Mientras autoridades argentinas y venezolanas juegan al gran bonetón, sorprende la cautela de la Cancillería peruana, que no ha emitido ninguna nota de protesta y guarda prudente silencio en espera de las explicaciones argentinas.
Se trataría, según una fuente militar peruana, de evitar caer en el juego ecuatoriano, una de cuyas intenciones sería la de enfrentar al Perú con Argentina. Es decir, Ecuador habría tenido una doble finalidad: apertrecharse e indisponer al Perú con uno de los países garantes. La información del tráfico ilegal fue destapada en el Perú por el diario La República, informado al parecer por el servicio de inteligencia peruano.

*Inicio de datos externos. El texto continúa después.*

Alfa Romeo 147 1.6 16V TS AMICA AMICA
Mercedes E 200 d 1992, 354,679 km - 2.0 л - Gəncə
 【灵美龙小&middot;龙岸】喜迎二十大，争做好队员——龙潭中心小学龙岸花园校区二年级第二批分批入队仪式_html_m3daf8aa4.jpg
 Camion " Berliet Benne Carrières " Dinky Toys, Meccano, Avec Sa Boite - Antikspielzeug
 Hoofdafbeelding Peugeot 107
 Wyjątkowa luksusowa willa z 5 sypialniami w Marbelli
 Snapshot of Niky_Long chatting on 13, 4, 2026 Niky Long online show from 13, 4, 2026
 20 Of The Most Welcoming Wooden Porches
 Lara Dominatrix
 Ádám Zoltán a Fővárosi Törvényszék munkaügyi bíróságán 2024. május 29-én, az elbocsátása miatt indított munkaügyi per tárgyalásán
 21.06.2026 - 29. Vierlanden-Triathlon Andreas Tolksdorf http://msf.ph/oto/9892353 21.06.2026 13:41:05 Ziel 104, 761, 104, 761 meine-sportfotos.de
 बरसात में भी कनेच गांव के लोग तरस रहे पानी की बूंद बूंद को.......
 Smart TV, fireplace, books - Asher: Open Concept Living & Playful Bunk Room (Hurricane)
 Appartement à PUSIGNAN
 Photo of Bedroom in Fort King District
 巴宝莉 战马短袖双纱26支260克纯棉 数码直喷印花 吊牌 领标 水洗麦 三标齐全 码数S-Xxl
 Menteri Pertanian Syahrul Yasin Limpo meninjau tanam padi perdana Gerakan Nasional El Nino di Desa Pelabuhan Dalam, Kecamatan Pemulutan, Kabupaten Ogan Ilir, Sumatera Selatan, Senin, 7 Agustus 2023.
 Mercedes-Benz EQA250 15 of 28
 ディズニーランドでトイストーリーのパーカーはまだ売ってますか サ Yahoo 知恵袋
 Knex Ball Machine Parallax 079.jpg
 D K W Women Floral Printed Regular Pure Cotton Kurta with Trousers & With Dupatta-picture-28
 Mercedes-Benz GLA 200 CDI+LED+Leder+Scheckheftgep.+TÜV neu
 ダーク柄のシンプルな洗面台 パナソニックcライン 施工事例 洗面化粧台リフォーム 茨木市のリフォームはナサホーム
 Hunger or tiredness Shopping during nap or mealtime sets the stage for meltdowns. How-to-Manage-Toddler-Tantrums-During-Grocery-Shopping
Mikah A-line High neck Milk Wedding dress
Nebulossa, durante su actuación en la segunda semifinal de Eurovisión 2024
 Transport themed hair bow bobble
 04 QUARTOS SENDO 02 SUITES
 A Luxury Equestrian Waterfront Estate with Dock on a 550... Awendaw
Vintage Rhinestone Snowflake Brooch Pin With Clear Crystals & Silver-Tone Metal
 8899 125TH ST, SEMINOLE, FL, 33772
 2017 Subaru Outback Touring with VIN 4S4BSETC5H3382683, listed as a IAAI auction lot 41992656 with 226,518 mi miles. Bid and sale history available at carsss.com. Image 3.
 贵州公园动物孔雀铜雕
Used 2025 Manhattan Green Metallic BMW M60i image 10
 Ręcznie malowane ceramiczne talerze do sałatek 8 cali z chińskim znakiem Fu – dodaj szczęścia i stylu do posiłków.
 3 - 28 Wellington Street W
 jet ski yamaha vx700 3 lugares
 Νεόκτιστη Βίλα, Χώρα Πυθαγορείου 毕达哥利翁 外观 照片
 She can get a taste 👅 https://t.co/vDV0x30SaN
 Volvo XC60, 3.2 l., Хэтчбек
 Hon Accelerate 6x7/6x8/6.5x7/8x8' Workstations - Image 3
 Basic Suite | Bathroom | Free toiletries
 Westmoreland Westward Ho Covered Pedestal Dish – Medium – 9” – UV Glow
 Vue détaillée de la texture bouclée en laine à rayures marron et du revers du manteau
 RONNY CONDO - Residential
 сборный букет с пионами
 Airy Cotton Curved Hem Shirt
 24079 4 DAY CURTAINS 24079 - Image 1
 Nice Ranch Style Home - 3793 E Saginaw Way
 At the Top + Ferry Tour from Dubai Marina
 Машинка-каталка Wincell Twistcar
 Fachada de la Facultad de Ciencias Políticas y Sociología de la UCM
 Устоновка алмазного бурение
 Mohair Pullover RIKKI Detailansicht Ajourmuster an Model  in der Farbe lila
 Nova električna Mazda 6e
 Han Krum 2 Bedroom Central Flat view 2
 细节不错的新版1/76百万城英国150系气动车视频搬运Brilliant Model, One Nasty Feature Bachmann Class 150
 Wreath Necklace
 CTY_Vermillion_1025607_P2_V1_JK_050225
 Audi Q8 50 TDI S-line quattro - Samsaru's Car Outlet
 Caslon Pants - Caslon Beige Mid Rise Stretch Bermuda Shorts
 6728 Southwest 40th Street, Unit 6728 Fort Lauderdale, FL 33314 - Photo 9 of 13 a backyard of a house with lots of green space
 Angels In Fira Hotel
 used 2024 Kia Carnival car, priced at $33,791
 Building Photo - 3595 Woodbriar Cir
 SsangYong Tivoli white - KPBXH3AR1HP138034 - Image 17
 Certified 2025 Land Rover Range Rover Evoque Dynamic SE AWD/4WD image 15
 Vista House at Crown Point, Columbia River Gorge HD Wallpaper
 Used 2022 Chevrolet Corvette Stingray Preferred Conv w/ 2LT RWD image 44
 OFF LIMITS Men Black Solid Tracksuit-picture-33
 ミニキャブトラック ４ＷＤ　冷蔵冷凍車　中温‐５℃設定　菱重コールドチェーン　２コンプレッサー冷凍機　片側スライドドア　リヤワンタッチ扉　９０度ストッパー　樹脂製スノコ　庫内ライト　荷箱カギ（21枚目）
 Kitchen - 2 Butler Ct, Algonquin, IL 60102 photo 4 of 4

La responsabilidad del gobierno de Carlos Menem, sin embargo, es difícil de soslayar. No todos los días se producen conflictos armados en Sudamérica. En medio de uno de ellos, autorizar la venta de armas a un país conocido por su simpatía con uno de los beligerantes ya es difícil de entender. Con mayor razón todavía si esas armas serían eventualmente usadas contra un país vinculado a la Argentina.
Es decir, aun si el cargamento hubiera ido realmente a Venezuela, podía sospecharse que sería derivado al Ecuador.
En esas circunstancias, hubiese sido elemental confirmar el destino final de las armas y, por lo menos, pensar dos veces la razón por la cual existía una empresa privada como intermediaria. Pero la suspicacia no pareciera ser una característica de los funcionarios del gobierno de Menem.